● Task requirements
Using the material below, print the line that contains "Exterior - Wonderful", the line that contains "Hotel Am Klieversberg", and every line in between, exactly and nothing else.

● Input for this task
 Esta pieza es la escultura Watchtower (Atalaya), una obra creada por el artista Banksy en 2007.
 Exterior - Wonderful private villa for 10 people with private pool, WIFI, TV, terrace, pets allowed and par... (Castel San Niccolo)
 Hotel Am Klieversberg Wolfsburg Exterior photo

---

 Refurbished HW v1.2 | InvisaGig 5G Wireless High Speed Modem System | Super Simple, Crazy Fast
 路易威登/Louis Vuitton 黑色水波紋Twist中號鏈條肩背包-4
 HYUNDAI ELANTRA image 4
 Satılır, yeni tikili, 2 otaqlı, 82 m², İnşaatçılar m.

● Answer for this exercise
 Exterior - Wonderful private villa for 10 people with private pool, WIFI, TV, terrace, pets allowed and par... (Castel San Niccolo)
 Hotel Am Klieversberg Wolfsburg Exterior photo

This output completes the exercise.